Documented in ComputePairWiseDE

#' Find markers (differentially expressed genes) between two group of cells.
#'
#' @param object dataMatrix of genes (rows) x cells (columns) expression matrix (log normalized value)
#' @param cells.1 Vector of cell names belonging to group 1
#' @param cells.2 Vector of cell names belonging to group 2
#' @param features Genes to test. Default is NULL which mean to use all genes
#' @param logfc.threshold Limit testing to genes which show, on average, at least
#' X-fold difference (log-scale) between the two groups of cells. Default is log(1.5)
#' @param test.use Denotes which test to use. Available options are:
#' \itemize{
#'  \item{"wilcox"} : Identifies differentially expressed genes between two
#'  groups of cells using a Wilcoxon Rank Sum test (default)
#'  \item{"bimod"} : Likelihood-ratio test for single cell gene expression,
#'  (McDavid et al., Bioinformatics, 2013)
#'  \item{"roc"} : Identifies 'markers' of gene expression using ROC analysis.

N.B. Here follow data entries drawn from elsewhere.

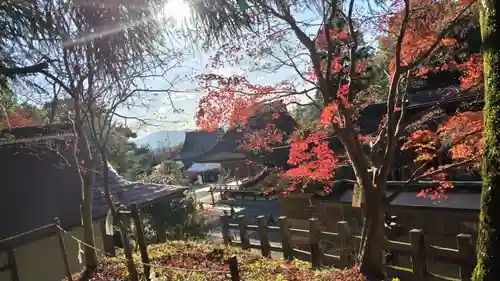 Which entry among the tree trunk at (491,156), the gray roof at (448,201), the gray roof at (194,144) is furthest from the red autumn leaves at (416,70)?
the gray roof at (194,144)

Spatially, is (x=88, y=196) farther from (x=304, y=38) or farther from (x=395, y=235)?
(x=395, y=235)

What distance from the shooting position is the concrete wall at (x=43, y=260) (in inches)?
274

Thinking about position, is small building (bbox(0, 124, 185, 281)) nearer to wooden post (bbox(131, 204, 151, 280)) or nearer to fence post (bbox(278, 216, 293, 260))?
wooden post (bbox(131, 204, 151, 280))

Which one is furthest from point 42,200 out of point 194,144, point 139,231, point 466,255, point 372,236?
point 194,144

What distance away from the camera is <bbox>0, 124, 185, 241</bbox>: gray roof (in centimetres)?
698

#'  For each gene, evaluates (using AUC) a classifier built on that gene alone,
#'  to classify between two groups of cells. An AUC value of 1 means that
#'  expression values for this gene alone can perfectly classify the two
#'  groupings (i.e. Each of the cells in cells.1 exhibit a higher level than
#'  each of the cells in cells.2). An AUC value of 0 also means there is perfect
#'  classification, but in the other direction. A value of 0.5 implies that
#'  the gene has no predictive power to classify the two groups. Returns a
#'  'predictive power' (abs(AUC-0.5) * 2) ranked matrix of putative differentially
#'  expressed genes.
#'  \item{"t"} : Identify differentially expressed genes between two groups of
#'  cells using the Student's t-test.
#'  }
#' @param min.pct  only test genes that are detected in a minimum fraction of
#' min.pct cells in either of the two populations. Meant to speed up the function
#' by not testing genes that are very infrequently expressed. Default is 0.25
#' @param min.diff.pct  only test genes that show a minimum difference in the
#' fraction of detection between the two groups. Set to -Inf by default
#' @param only.pos Only return positive markers (FALSE by default)

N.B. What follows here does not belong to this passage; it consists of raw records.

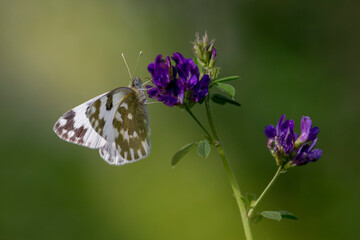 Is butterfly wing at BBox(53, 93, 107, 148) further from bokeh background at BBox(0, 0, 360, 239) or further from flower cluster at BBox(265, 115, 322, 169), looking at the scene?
bokeh background at BBox(0, 0, 360, 239)

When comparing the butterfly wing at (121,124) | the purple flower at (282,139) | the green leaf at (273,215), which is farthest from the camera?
the butterfly wing at (121,124)

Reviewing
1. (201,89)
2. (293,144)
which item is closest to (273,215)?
(293,144)

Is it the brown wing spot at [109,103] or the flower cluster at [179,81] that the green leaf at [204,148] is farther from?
the brown wing spot at [109,103]

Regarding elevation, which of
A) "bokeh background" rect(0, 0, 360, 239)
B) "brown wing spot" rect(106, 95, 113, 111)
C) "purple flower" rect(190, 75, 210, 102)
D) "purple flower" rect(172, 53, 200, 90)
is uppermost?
"purple flower" rect(172, 53, 200, 90)

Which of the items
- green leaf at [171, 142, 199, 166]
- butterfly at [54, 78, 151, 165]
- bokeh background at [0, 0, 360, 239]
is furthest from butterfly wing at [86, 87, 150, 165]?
bokeh background at [0, 0, 360, 239]

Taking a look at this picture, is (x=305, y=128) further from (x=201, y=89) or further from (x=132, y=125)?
(x=132, y=125)

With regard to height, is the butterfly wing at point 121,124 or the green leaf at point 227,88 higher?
the green leaf at point 227,88

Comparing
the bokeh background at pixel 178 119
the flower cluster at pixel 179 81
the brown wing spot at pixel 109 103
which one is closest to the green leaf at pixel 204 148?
the flower cluster at pixel 179 81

#' @param verbose Print a progress bar once expression testing begins
#' @param max.cells.per.ident Down sample each identity class to a max number.
#' Default is no downsampling. Not activated by default (set to Inf)

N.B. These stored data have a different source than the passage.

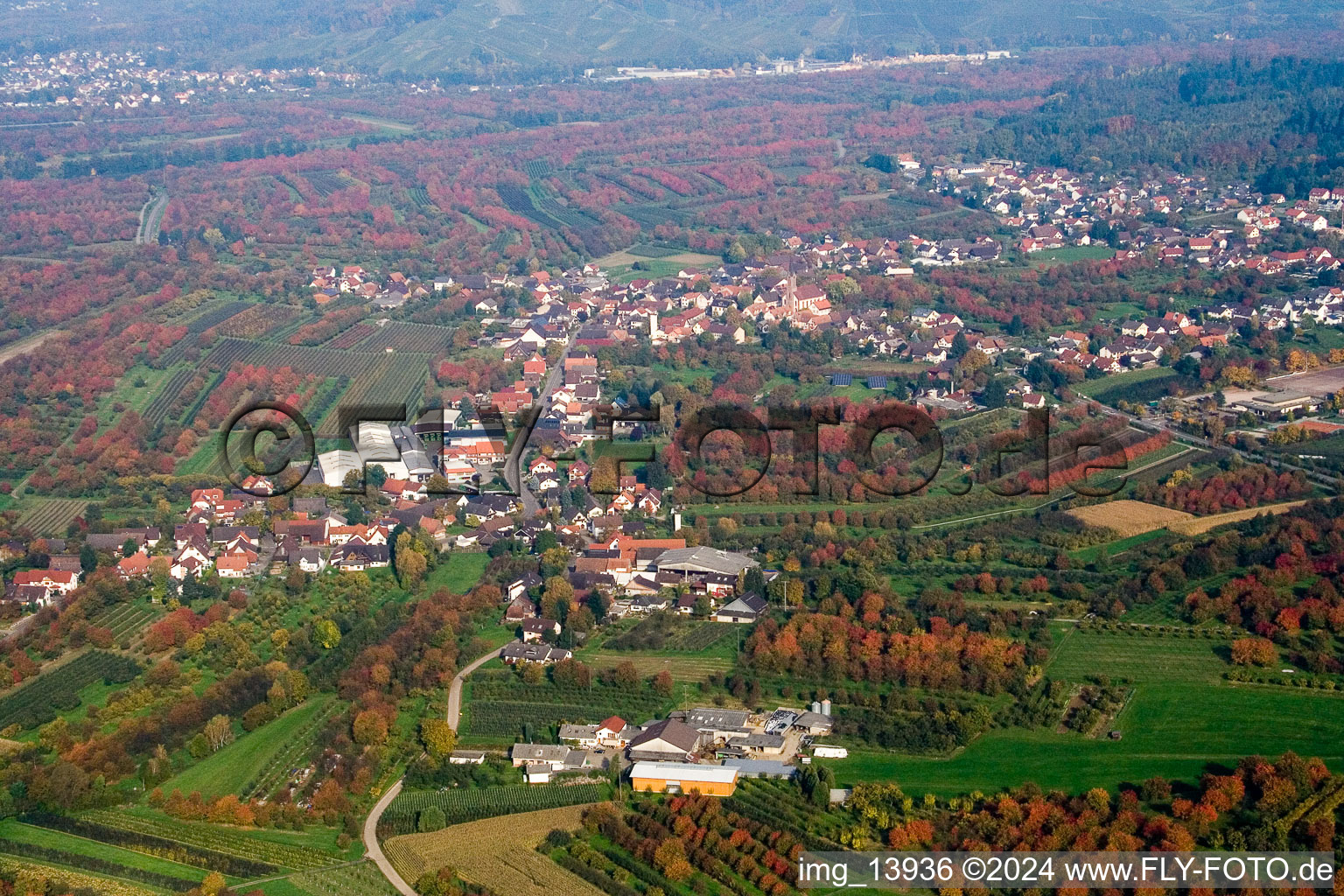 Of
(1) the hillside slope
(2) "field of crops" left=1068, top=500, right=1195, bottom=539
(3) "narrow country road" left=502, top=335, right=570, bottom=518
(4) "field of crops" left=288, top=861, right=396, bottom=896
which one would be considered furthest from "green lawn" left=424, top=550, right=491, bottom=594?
(1) the hillside slope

#' @param random.seed Random seed for downsampling. default is 1
#' @param min.cells.group Minimum number of cells in one of the groups
#' @param pseudocount.use Pseudocount to add to averaged expression values when calculating logFC. 1 by default.
#' @param MeanExprsThrs a minimum expression threshold of average cluster expression for a gene to be considered a DE gene.
#' the mean expression value is in the linear scale!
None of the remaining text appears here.